[Short text fragments from websites]
Start of Block

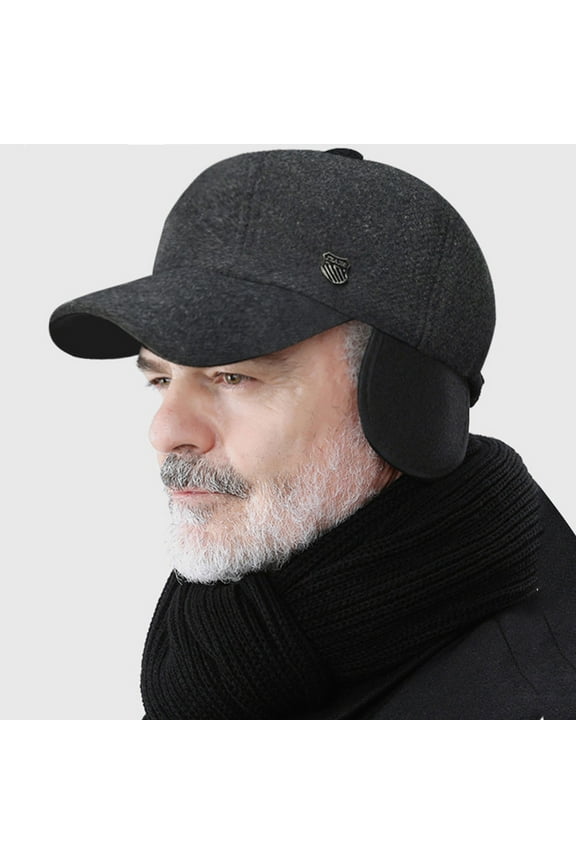 Men Winter Baseball Hat Long Brim Solid Color Windproof Cold Resistant Ear With Earflap Cold Weather Father Outdoor Cap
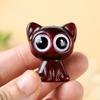 Rosewood Starry-Eyed Cat Keychain Charm - Creative Wood Carving Pendant for Phone and Bag Accessory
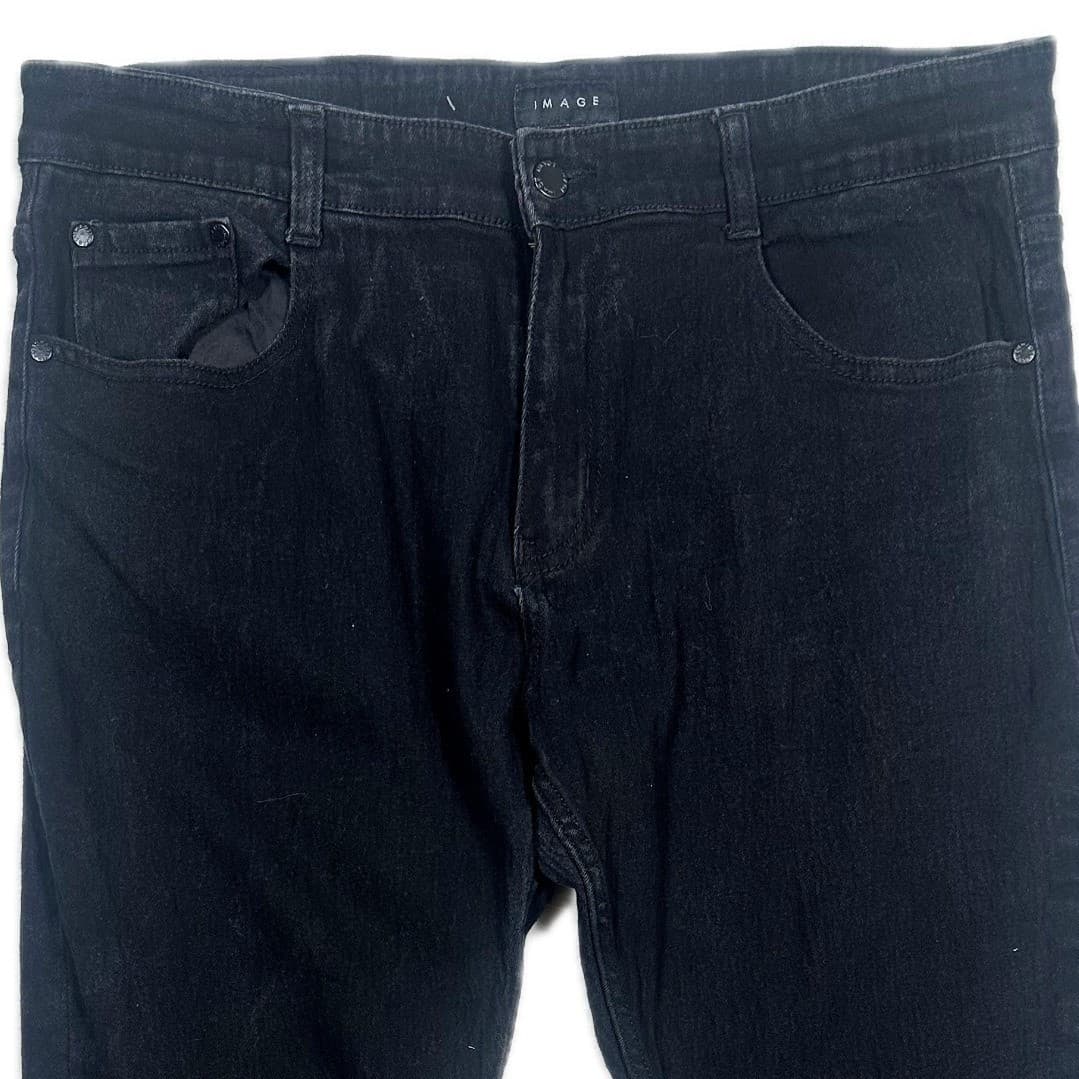 IMAGE Mens Black Denim Jeans Straight Fit Size 34x30 Pants - Thumbnail 2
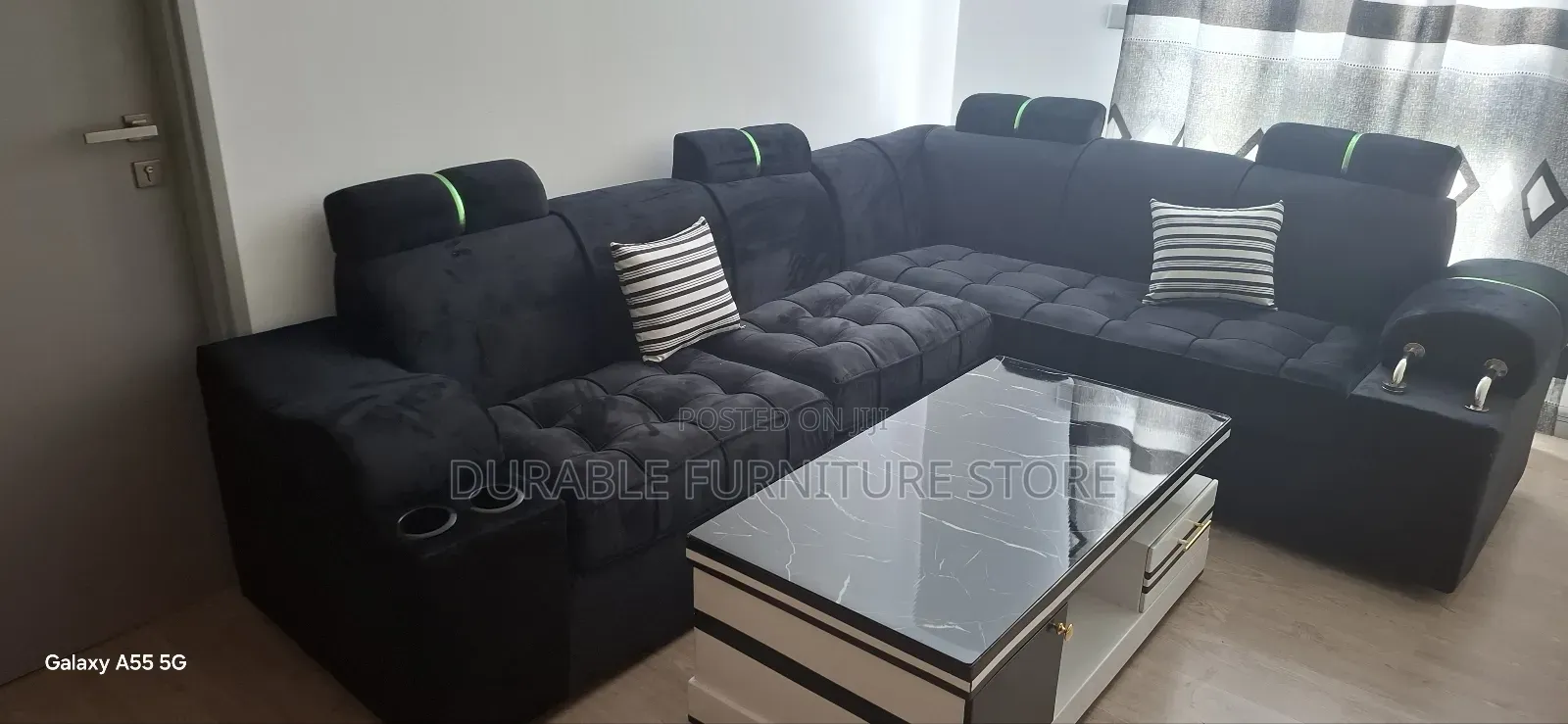 6 Seater L Shaped Black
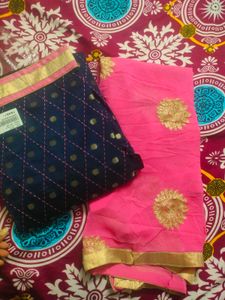 Cotton Suit Material Blue And Pink Contrast
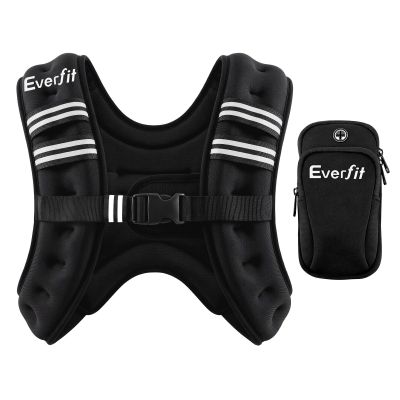 everfit 3kg weighted vest men women, reflective running vest with armband pouch everfit 3kg weighted vest men women, reflective running vest with armband pouch
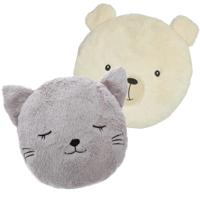 Dieren sierkussens kinderkamer - ijsbeer en kat/poes - 30/27 cm - polyester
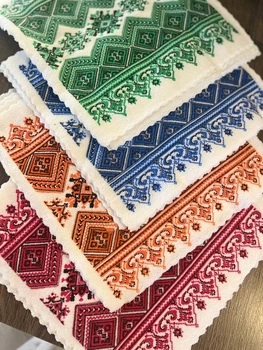 Комплект полотенец для кухни с украинским орнаментом 30*30см 20 шт Белый (П4К-rai-kuhnya-002)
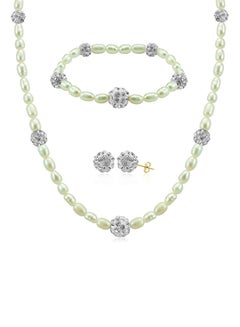 10K Gradual Crystal Balls And Pearls Strand Jewellery Set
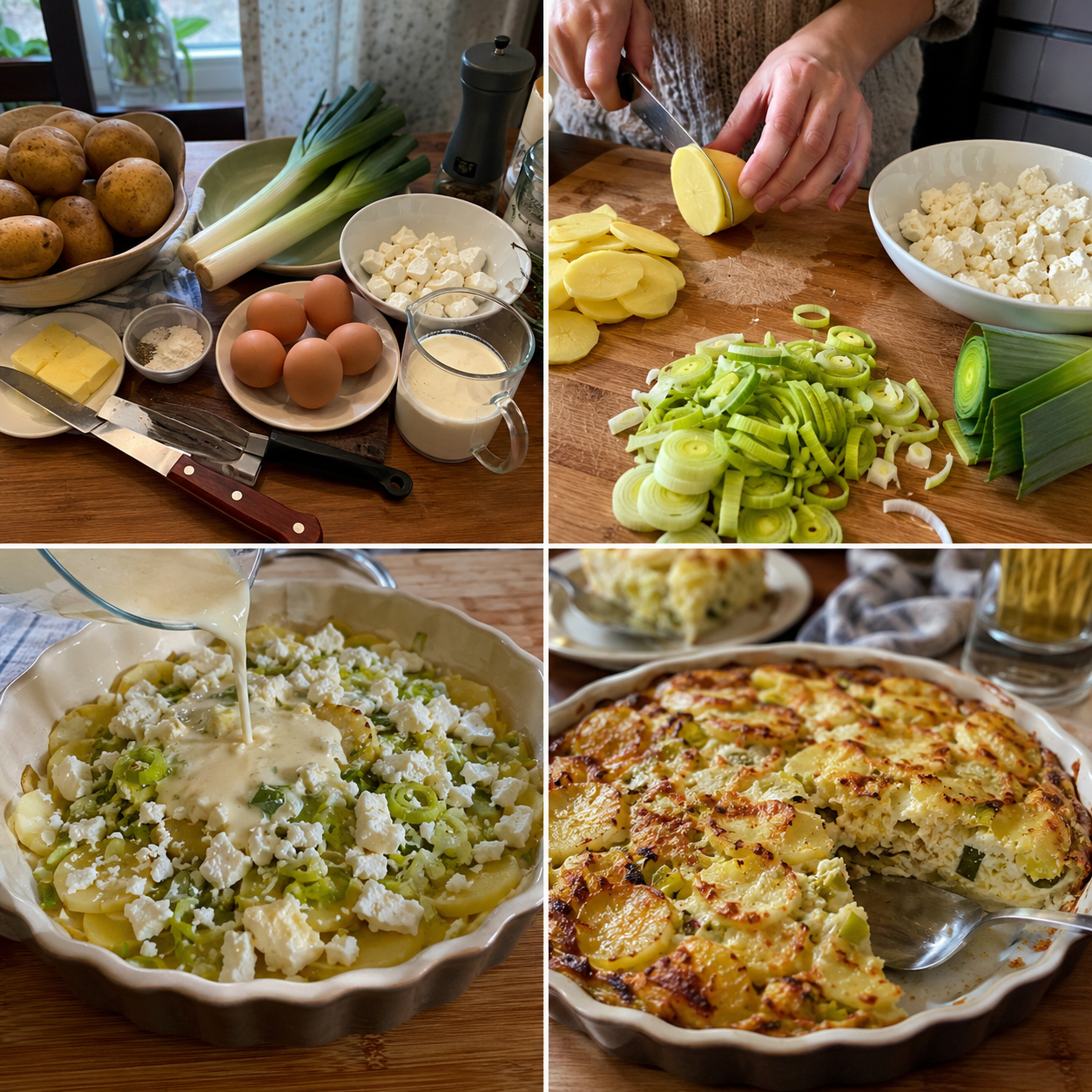 Tarta Ziemniaczana z Porami i Serem Feta – Chrupiąca, Kremowa i Pełna Smaku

End of Block

Task requirements => With the pictures left out, give again exactly the lines from the one with "Dieren sierkussens kinderkamer" through the end of the data, both included.

Output below =>
 Dieren sierkussens kinderkamer - ijsbeer en kat/poes - 30/27 cm - polyester
 Комплект полотенец для кухни с украинским орнаментом 30*30см 20 шт Белый (П4К-rai-kuhnya-002)
 10K Gradual Crystal Balls And Pearls Strand Jewellery Set
 Tarta Ziemniaczana z Porami i Serem Feta – Chrupiąca, Kremowa i Pełna Smaku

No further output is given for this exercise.